Thomas Davis: A One Man Show

Los Angeles Chargers Linebacker Thomas Davis During 2019 Training Camp. Photo Credit: Ryan Dyrud | The LAFB Network
Los Angeles Chargers Linebacker Thomas Davis During 2019 Training Camp. Photo Credit: Ryan Dyrud | The LAFB Network

If Chargers linebacker Thomas Davis were a quarterback, he would be considered pretty old.  But Davis isn’t a quarterback. He’s a linebacker, and he’s, uh, 36.  

In linebacker years, that’s like, I don’t know…91?

Since entering the league in 2005, Davis has been a virtual playmaking machine, collecting 1,111 tackles, including six 100-plus tackle seasons for Carolina before the Bolts scooped him up in free agency in the offseason. Through two games with Los Angeles, Davis is tied with former teammate Luke Kuechly for the league lead with 26 tackles.  

Amazingly, in those first two games, Davis is the only player over the age of 28 to be in the top twenty in tackles.  

But it’s not just the tackles or the fact that he’s making them at his advanced football age. The most impactful aspect of Davis’s season thus far has simply been his presence. With all the news-grabbing, big-name free agent signings across the NFL last March, it seems there wasn’t much of a need for a linebacker with the ability to carry a defense on his back when said defense desperately needs a pick-me-up.

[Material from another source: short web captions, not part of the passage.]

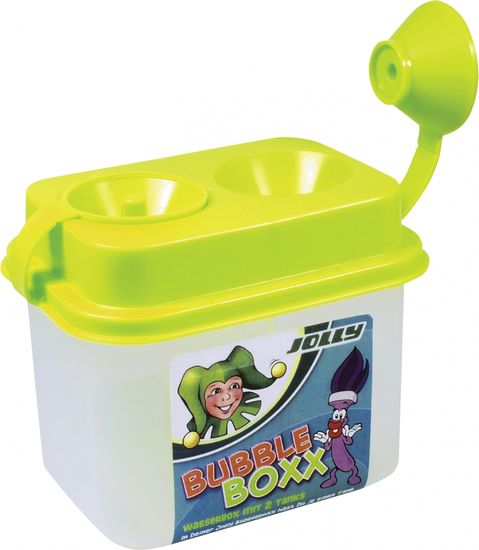 Jolly posuda za vodu Bubble Boxx
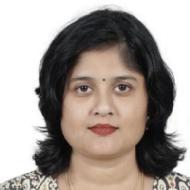 Sivaranjani Class 8 Tuition trainer in Coimbatore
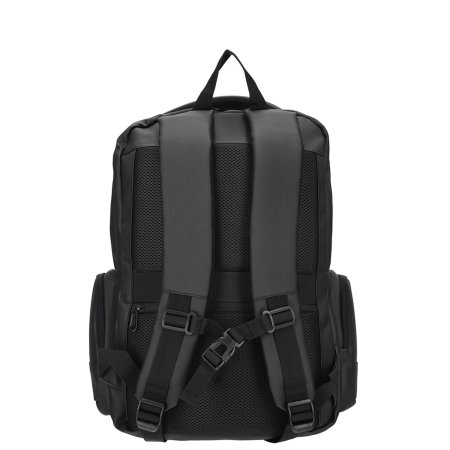 Rucsac Laptop Newport 17 inch Negru 62195001 [4]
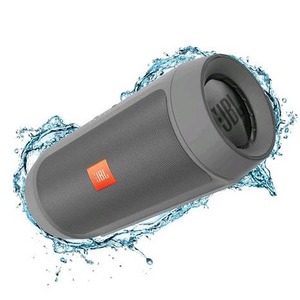 Портативная акустика JBL Charge 2+ Grey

The Bolts defense has now established themselves as having one of the league’s premier pass-rushing fronts. Names like Bosa and Ingram will be mentioned for years to come as two of the greats in the league when it comes to getting after the quarterback. And the Chargers secondary, even in the absence of 2nd-year stud safety Derwin James, seems, at least at times, to have playmakers to spare.

The game has changed a lot over the past decade or so, with passing now overshadowing the running game (thanks, Mr. Obvious), but the defense still starts (and sometimes ends) with stopping the run. And when the Chargers need a stop, they seem to invariably be able to rely on a 36-year-old man to be there to make it. Davis has been a one man show for L.A. through these first two weeks.  

Thomas Davis looks like a remarkable pickup so far for GM Tom Telesco and Co. But how long can a guy who’s, you know, 36 years-old keep it up? Is fourteen more games too much to ask?